Two Koreas' leaders in mountain show of unity

Two Koreas' leaders in mountain show of unity

Two Koreas' leaders in mountain show of unity

The nuclear discussions had stalled after the first historic summit between Trump and Kim in Singapore in June, when Kim declared his backing for denuclearisation of the peninsula but no details were agreed.

"We have agreed to make the Korean Peninsula a land of peace that is free from nuclear weapons and nuclear threat", Kim said.

The two leaders also agreed to open a permanent facility for family reunions, work towards joining up road and rail links, and bid jointly for the 2032 Olympics.

In a joint statement after the summit with Mr Moon, Mr Kim pledged to permanently abolish North Korea's key missile facilities in the presence of foreign experts. "It is not clear whether Moon got enough to satisfy Trump _ we will find out about that next week", Snyder said in the interview.

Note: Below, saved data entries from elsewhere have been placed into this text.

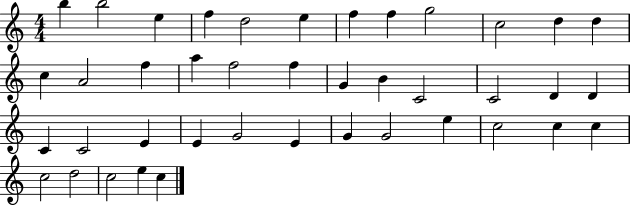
{
  \clef treble
  \numericTimeSignature
  \time 4/4
  \key c \major
  b''4 b''2 e''4 | f''4 d''2 e''4 | f''4 f''4 g''2 | c''2 d''4 d''4 | \break c''4 a'2 f''4 | a''4 f''2 f''4 | g'4 b'4 c'2 | c'2 d'4 d'4 | \break c'4 c'2 e'4 | e'4 g'2 e'4 | g'4 g'2 e''4 | c''2 c''4 c''4 | \break c''2 d''2 | c''2 e''4 c''4 | \bar "|."
} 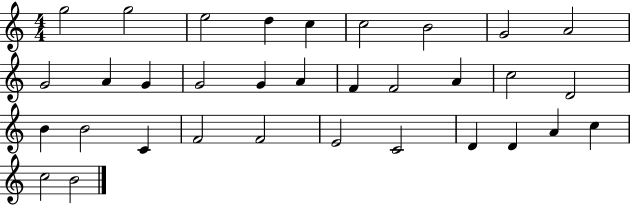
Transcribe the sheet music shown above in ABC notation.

X:1
T:Untitled
M:4/4
L:1/4
K:C
g2 g2 e2 d c c2 B2 G2 A2 G2 A G G2 G A F F2 A c2 D2 B B2 C F2 F2 E2 C2 D D A c c2 B2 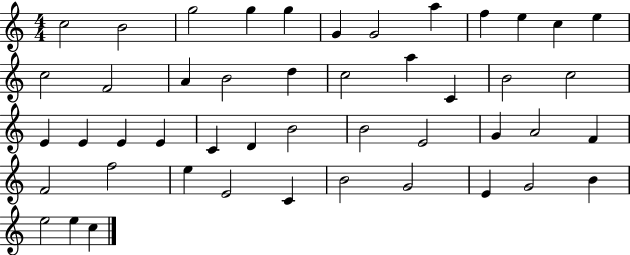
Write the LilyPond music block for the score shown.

{
  \clef treble
  \numericTimeSignature
  \time 4/4
  \key c \major
  c''2 b'2 | g''2 g''4 g''4 | g'4 g'2 a''4 | f''4 e''4 c''4 e''4 | \break c''2 f'2 | a'4 b'2 d''4 | c''2 a''4 c'4 | b'2 c''2 | \break e'4 e'4 e'4 e'4 | c'4 d'4 b'2 | b'2 e'2 | g'4 a'2 f'4 | \break f'2 f''2 | e''4 e'2 c'4 | b'2 g'2 | e'4 g'2 b'4 | \break e''2 e''4 c''4 | \bar "|."
} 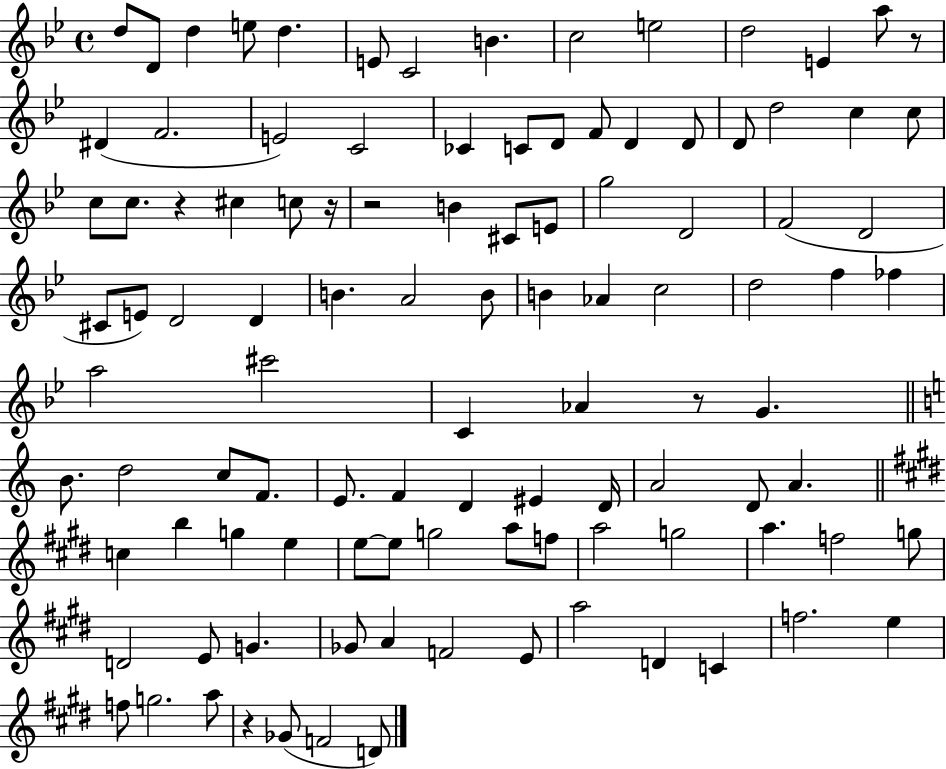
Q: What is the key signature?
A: BES major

A copy of an article of the North's official newspaper Rodong Sinmun dated December 26, 1980 calls Mount Paektu a "sacred mountain of revolution" spearheaded by Kim Il Sung "in the flames of the arduous 20-year anti-Japan struggle".

U.S. President Donald Trump hailed the results of the summit between the leaders of the two Koreas. Kim's offer, however, could provide a way to jump start talks, analysts say.

In the meantime, however, Moon and Kim made concrete moves of their own to reduce tensions on their border.

Many also believe the North has other covert nuclear facilities. "If North Korea is genuinely willing to close down Yongbyon and to allow in inspectors ... those are just partial steps, but those are genuine steps forward", said Michael Fuchs, a senior fellow at the Center for American Progress and former deputy assistant secretary of state for East Asian and Pacific affairs.

Shortly after the announcement, Trump called Wednesday's developments "very exciting" on Twitter.

"I have a dream that I have not been able to fulfil for a long time, which is trekking Mount Paektu", Moon said at the time.

But while Moon's warm reception in the North Korean capital and smiling photo opportunities have already been considered a diplomatic victory, a number of global policy experts are still uncertain as to whether facility shutdowns in Yongbyon will actually cease all nuclear production, with the Times noting that some foreign analysts suspect that Kim has other nuclear programs operating in secret.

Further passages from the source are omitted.